Short text fragments from websites:
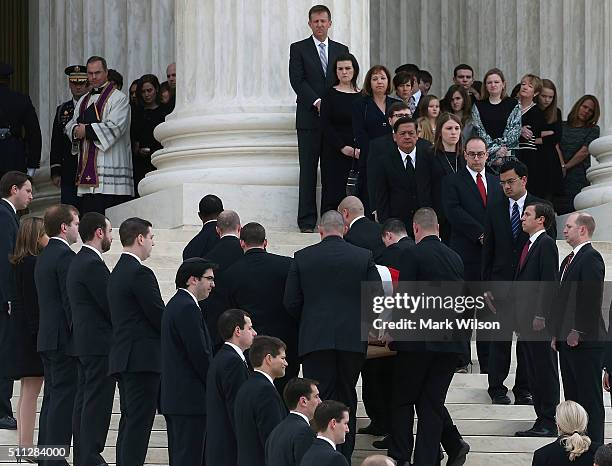 Father Paul Scalia , son of Associate Justice Antonin Scalia, watches as his fathers casket is carried up the steps of the Supreme Court building,...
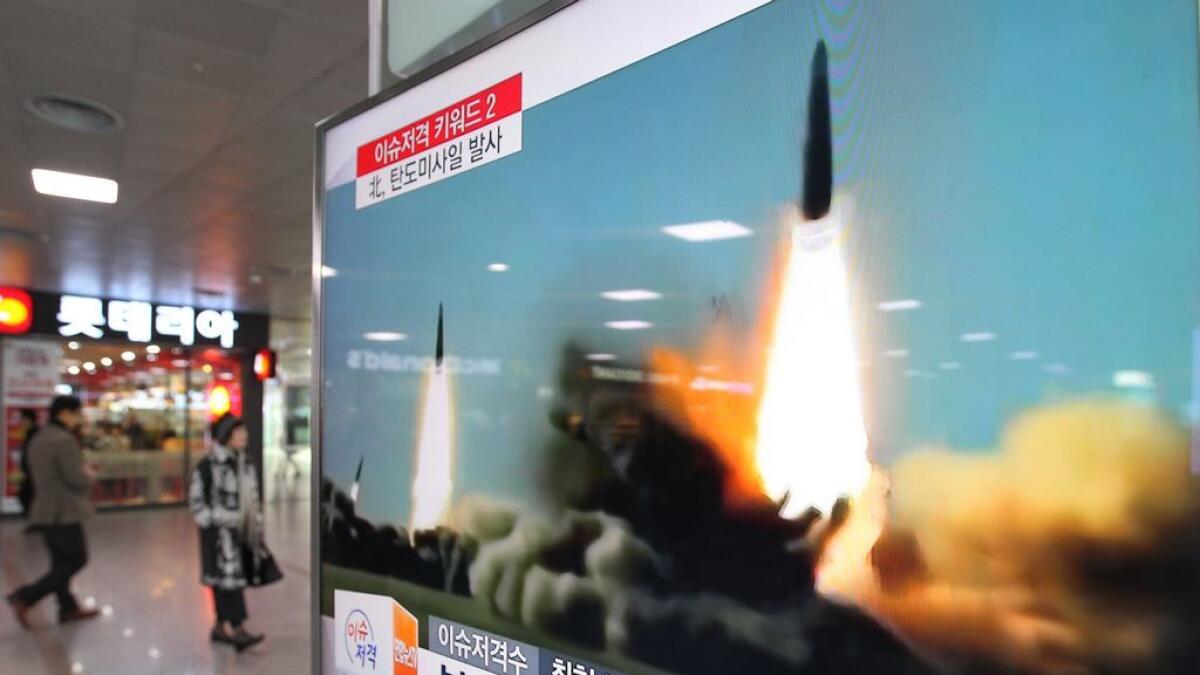 N. Korea fires missiles, plans to liquidate S. Korean assets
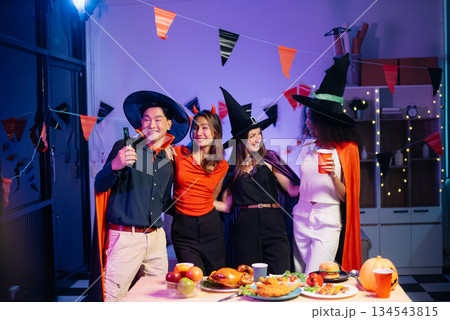 Halloween party with friends in costumes, enjoying drinks, food, and festive decorations. Perfect for autumn gatherings Halloween party with friends in costumes, enjoying drinks, food, and festive decorations. Perfect for autumn gatherings 134543815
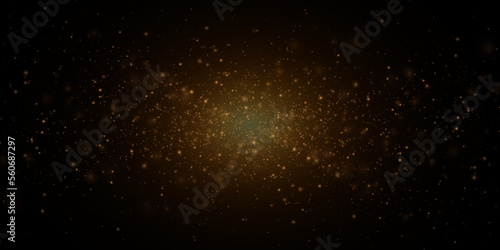 Christmas festive background of light confetti and small shining golden lights on a black background. Shiny golden texture.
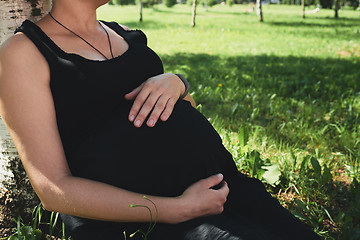 Image showing Pregnant woman in black dress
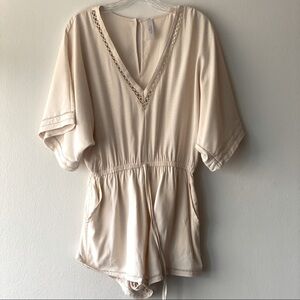 Mahina cream romper size M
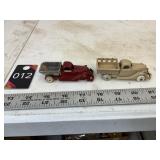 2 Hubley cast iron dump trucks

▶ **What to work on**
Nothing but an exact copy belongs in the answer: the lines from the top of the records through the line containing "N. Korea fires", minus the pictures.

▶ **Written solution**
 Father Paul Scalia , son of Associate Justice Antonin Scalia, watches as his fathers casket is carried up the steps of the Supreme Court building,...
 N. Korea fires missiles, plans to liquidate S. Korean assets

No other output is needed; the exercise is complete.